Neverdecel · Neverdecel · Jun 17, 2026 · Jun 17, 2026
diff --git a/docs/eval.md b/docs/eval.md
@@ -224,6 +224,12 @@ ambiguous and the embedder already matches them well. So the code-side default i
 for larger repos where exact-string recall matters more. Off by default pending larger-repo
 validation; enable with `CODERAG_ADAPTIVE_FUSION=1`.
 
+> ⚠️ **This did NOT generalize — keep it off.** On `pydantic` (4 155-chunk corpus, commit-message
+> queries) adaptive *hurt* (MRR 0.286 vs hybrid 0.361): those queries embed exact API names, so
+> "lean dense for NL" is backwards. The dense-vs-BM25 ranking flips by repo/query style, and
+> **fixed 1:1 hybrid is the robust default.** Full write-up:
+> [research/external-validation.md](research/external-validation.md).
+
 ## Dataset format
 
 JSONL, one case per line:

diff --git a/docs/research/code-retrieval-strategy.md b/docs/research/code-retrieval-strategy.md
@@ -138,6 +138,11 @@ bolt-on. Treat as a later experiment, not a v1 move.

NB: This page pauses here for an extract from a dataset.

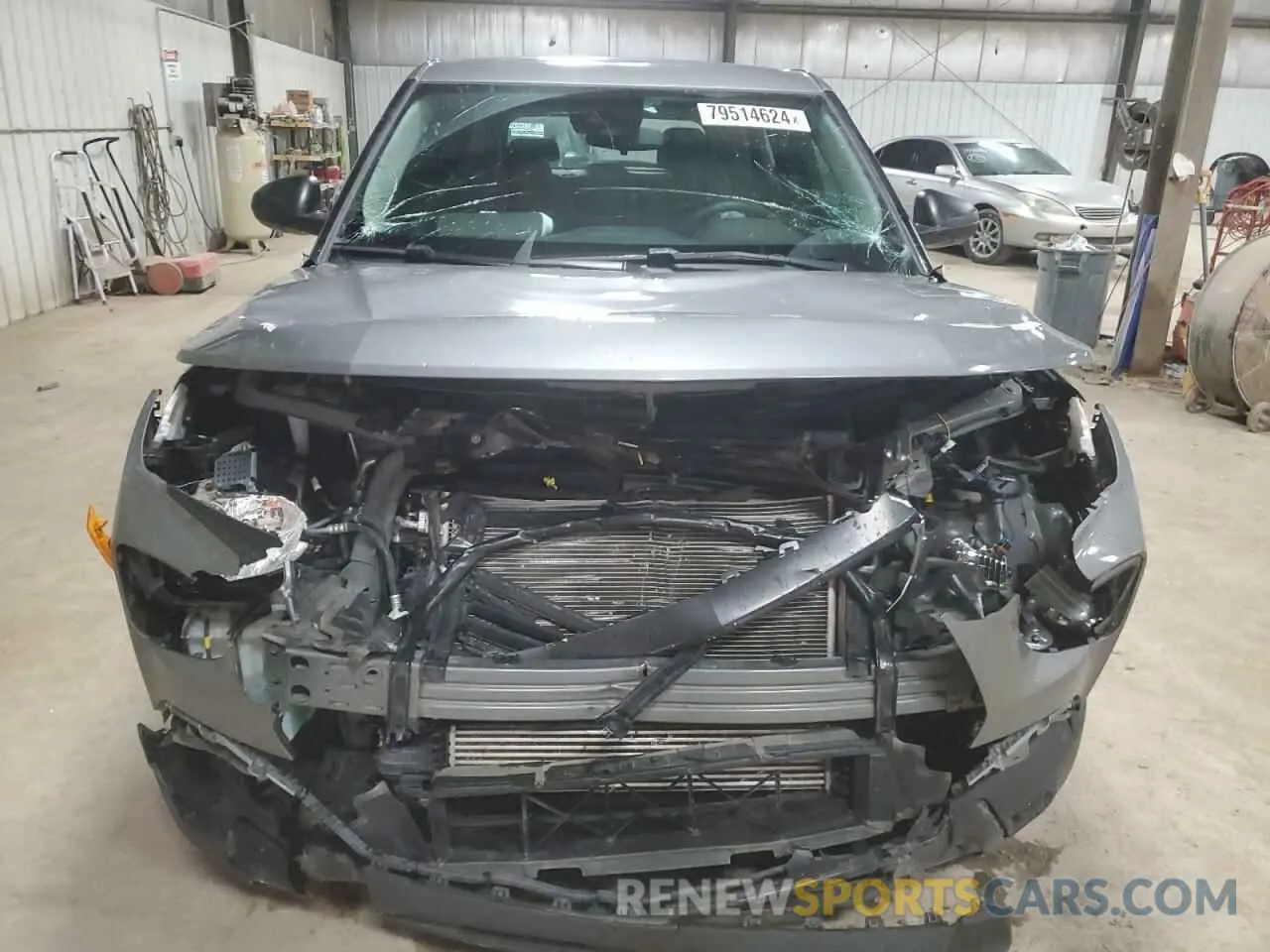 5 fotografías del automóvil dañado KL79MNSLXPB148619 CHEVROLET TRAILBLZR 2023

 > half of the hypothesis was refuted** — up-weighting BM25 there *hurt* (short identifiers are
 > lexically ambiguous; the embedder already matches them), so the code-side default is neutral.
 > Off by default pending larger-repo validation. See [docs/eval.md](../eval.md).
+>
+> **Generalization update — refuted on a larger repo.** On `pydantic` adaptive *hurt* (MRR
+> 0.286 vs hybrid 0.361) because commit-message queries embed exact API names; the dense-vs-BM25
+> ranking flips by repo, and fixed 1:1 hybrid is the robust default. Keep adaptive off. See
+> [external-validation.md](external-validation.md).
 
 CodeRAG already does dense + BM25 + RRF — the literature says that's the right foundation; the wins
 are in **routing and tuning**:

diff --git a/docs/research/external-validation.md b/docs/research/external-validation.md
@@ -0,0 +1,81 @@
+# External-repo validation: do the symbol-level findings generalize?
+
+> The CodeRAG-on-itself experiments (see [eval.md](../eval.md)) produced three "levers":
+> dense-leaning adaptive fusion, reranking for top-1, and "a bigger embedder doesn't help."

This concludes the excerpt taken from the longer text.